Dans un communiqué publié le 3 novembre 2025, Mamadou Mota, président par intérim du MRC, dénonce la répression violente et les arrestations arbitraires qui secouent le Cameroun après la présidentielle.
L’opposant évoque plus de 30 morts et accuse le régime d’entretenir un tribalisme d’État et de confisquer le pouvoir par la force.
Mamadou Mota réclame une commission d’enquête internationale indépendante et la libération immédiate de tous les détenus politiques.
Communiqué : Halte aux arrestations arbitraires et au tribalisme d’État au Cameroun !
Maroua, le 3 novembre 2025
Face à la négation cynique de la légalité et à l’usage systématique de la violence qui ravagent le Cameroun, nous élevons une voix d’indignation et d’exigence.

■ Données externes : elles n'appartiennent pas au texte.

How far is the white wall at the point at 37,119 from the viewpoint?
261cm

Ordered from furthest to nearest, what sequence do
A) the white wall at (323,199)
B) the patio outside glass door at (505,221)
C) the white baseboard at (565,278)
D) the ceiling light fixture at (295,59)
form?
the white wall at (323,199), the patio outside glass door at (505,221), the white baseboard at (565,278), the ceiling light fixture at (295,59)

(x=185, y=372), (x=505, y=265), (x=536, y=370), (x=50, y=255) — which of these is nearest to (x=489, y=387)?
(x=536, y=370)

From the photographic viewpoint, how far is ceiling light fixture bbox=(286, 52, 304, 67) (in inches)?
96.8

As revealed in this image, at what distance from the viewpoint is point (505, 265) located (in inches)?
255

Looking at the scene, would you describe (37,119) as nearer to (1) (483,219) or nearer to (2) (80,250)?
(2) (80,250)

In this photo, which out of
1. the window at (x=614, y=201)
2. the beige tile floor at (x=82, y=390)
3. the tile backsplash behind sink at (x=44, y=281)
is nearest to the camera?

La crise postélectorale, marquée par plus de 30 morts et une vague d’arrestations arbitraires au faciès, dévoile l’entêtement funeste d’un régime résolu à confisquer le pouvoir, barrant la route à toute perspective de transition pacifique.
Le pouvoir en place, drapé dans l’arrogance d’une longévité contestée, persiste à gérer la République non pas avec l’aptitude à désamorcer une crise sans effusion de sang, mais avec l’inadaptation des menaces et l’émission de décibels et de proverbes saugrenus de certains ministres, semblant s’adresser à des enfants turbulents plutôt qu’à un peuple souverain.

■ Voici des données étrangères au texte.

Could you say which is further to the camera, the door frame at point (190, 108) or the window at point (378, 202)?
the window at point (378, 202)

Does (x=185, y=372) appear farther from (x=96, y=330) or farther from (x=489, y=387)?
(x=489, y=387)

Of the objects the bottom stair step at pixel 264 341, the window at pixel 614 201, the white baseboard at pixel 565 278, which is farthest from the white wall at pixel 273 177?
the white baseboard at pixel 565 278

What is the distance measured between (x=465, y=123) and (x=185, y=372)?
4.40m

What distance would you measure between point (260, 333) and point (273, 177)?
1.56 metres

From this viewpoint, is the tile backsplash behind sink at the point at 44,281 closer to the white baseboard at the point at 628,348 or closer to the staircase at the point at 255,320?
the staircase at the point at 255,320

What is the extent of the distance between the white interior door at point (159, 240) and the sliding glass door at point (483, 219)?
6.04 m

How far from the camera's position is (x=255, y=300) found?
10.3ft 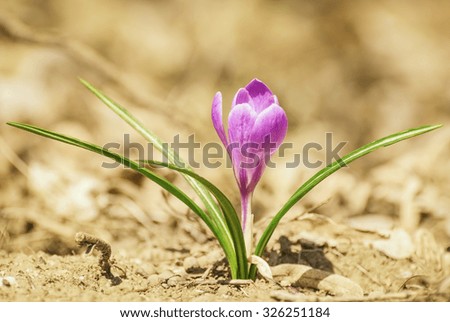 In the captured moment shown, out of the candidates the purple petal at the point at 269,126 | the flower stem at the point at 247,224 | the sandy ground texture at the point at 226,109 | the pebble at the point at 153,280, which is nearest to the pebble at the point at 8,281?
the sandy ground texture at the point at 226,109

Ce simulacre d’autorité se traduit par des arrestations ciblées qui ne sont rien d’autre que des expéditions punitives, aggravant le fléau endémique du tribalisme d’État. Ces pratiques ne font que souligner l’échec cuisant du régime à construire une nation unie, préférant l’instrumentalisation des divisions pour sa propre survie politique.

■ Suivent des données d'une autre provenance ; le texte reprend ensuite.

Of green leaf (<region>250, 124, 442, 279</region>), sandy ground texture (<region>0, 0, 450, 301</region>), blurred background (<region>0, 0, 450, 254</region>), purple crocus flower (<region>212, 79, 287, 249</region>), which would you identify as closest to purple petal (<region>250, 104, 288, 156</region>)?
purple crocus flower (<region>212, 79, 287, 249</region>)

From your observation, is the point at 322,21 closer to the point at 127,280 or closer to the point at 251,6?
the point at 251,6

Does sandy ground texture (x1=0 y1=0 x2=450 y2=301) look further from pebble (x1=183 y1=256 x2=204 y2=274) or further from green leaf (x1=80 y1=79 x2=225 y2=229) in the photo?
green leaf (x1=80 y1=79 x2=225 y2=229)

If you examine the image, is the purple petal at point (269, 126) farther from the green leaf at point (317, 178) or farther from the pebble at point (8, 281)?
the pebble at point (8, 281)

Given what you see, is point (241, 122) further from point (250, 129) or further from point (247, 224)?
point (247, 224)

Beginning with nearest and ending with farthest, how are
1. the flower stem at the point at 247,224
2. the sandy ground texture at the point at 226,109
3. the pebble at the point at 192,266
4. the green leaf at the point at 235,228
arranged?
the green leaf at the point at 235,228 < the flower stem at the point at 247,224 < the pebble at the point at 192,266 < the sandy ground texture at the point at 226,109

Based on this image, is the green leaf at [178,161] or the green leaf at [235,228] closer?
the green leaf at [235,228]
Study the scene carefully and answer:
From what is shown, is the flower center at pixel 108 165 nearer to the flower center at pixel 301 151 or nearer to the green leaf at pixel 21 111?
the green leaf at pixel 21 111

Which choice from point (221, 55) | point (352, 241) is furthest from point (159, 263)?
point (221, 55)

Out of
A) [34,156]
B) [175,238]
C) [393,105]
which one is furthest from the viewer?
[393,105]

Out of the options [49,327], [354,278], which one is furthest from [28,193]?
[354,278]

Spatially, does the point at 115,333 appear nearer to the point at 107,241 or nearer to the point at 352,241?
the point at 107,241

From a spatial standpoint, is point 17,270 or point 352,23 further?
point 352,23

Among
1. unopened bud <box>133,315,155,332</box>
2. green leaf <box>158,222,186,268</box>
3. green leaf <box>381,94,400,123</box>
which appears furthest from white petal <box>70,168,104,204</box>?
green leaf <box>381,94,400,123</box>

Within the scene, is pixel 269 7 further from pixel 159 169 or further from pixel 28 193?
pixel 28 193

La mort de plus de 30 citoyens, conséquence directe de l’usage excessif et souvent létal de la force contre des manifestations majoritairement pacifiques, constitue une atteinte intolérable aux droits fondamentaux, y compris le droit à la vie et à la liberté de réunion. Ces actes, dignes des heures les plus sombres, ne sauraient rester impunis sous le voile d’une prétendue « stabilité » que le régime s’emploie lui-même à démolir.
À la manière de Maître Jacques Vergès, nous affirmons : face à la force brute, l’argumentaire de la justice et du droit est la seule arme qui vaille. La gestion d’une République n’est pas la compétence à brandir l’intimidation, mais l’art de garantir la sécurité et la dignité de tous.
Nous nous adressons solennellement à la Communauté Internationale (Nations Unies, Union Africaine, Union Européenne, France, États-Unis, etc.) : le temps de la simple « préoccupation » est révolu.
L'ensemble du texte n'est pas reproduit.